■ ACTION ITEM
From the first line of the material below to the line containing "Tête de Rasoir", repeat every line exactly and add nothing.

______

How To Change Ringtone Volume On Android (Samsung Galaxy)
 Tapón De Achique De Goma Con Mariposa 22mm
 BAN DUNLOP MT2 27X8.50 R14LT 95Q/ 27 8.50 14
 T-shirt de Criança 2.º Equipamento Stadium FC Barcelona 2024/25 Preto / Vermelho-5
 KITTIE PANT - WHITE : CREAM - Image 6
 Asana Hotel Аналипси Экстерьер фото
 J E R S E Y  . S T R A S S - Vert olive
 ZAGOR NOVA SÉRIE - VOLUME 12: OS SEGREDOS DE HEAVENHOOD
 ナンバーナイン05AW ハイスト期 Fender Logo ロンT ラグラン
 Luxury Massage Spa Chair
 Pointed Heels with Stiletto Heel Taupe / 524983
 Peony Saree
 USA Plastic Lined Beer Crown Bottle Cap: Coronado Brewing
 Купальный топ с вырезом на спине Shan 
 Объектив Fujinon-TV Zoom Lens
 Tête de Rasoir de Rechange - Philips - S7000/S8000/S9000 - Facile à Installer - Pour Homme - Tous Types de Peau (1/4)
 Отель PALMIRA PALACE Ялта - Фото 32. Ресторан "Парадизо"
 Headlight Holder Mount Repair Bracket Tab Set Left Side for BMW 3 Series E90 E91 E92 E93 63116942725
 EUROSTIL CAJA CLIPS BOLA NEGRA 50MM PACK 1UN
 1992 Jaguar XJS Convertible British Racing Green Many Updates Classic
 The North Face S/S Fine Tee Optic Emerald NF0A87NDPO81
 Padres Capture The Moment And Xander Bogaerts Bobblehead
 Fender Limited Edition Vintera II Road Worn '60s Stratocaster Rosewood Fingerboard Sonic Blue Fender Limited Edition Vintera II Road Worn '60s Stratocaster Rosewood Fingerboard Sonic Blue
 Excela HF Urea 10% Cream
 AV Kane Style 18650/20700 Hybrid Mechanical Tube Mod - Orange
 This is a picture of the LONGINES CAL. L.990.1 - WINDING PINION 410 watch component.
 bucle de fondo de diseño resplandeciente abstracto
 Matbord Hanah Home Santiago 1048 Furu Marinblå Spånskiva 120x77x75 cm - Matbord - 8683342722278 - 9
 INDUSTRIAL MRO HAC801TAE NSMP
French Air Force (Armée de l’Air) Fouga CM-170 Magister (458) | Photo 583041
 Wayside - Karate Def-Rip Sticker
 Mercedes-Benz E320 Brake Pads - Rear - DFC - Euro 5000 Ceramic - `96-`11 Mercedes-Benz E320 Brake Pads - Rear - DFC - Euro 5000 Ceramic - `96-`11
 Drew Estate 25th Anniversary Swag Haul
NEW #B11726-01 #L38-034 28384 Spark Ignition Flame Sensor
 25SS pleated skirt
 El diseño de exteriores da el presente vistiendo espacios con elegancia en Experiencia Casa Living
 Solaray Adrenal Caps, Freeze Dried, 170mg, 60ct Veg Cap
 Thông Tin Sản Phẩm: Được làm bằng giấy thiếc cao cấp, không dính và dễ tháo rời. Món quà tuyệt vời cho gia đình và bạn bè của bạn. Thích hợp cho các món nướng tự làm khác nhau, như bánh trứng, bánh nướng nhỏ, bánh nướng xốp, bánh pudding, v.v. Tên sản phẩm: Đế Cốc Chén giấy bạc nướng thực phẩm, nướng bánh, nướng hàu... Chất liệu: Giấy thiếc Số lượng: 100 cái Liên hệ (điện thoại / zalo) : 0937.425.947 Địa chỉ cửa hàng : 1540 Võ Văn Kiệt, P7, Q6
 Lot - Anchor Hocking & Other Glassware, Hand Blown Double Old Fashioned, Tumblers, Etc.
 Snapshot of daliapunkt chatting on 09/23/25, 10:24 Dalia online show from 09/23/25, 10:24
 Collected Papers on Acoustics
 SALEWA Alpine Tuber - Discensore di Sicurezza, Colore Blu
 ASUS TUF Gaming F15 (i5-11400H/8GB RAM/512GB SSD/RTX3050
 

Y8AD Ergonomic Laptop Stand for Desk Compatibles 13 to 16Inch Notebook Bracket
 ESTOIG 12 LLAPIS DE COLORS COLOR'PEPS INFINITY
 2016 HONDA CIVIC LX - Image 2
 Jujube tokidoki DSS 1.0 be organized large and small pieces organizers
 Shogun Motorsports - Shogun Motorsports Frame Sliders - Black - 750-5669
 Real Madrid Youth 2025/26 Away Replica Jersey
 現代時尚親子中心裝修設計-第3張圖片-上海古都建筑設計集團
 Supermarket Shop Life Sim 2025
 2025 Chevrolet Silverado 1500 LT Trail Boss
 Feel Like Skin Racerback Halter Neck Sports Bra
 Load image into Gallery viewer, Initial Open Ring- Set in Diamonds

______

■ SOLUTION TO THIS PROBLEM
How To Change Ringtone Volume On Android (Samsung Galaxy)
 Tapón De Achique De Goma Con Mariposa 22mm
 BAN DUNLOP MT2 27X8.50 R14LT 95Q/ 27 8.50 14
 T-shirt de Criança 2.º Equipamento Stadium FC Barcelona 2024/25 Preto / Vermelho-5
 KITTIE PANT - WHITE : CREAM - Image 6
 Asana Hotel Аналипси Экстерьер фото
 J E R S E Y  . S T R A S S - Vert olive
 ZAGOR NOVA SÉRIE - VOLUME 12: OS SEGREDOS DE HEAVENHOOD
 ナンバーナイン05AW ハイスト期 Fender Logo ロンT ラグラン
 Luxury Massage Spa Chair
 Pointed Heels with Stiletto Heel Taupe / 524983
 Peony Saree
 USA Plastic Lined Beer Crown Bottle Cap: Coronado Brewing
 Купальный топ с вырезом на спине Shan 
 Объектив Fujinon-TV Zoom Lens
 Tête de Rasoir de Rechange - Philips - S7000/S8000/S9000 - Facile à Installer - Pour Homme - Tous Types de Peau (1/4)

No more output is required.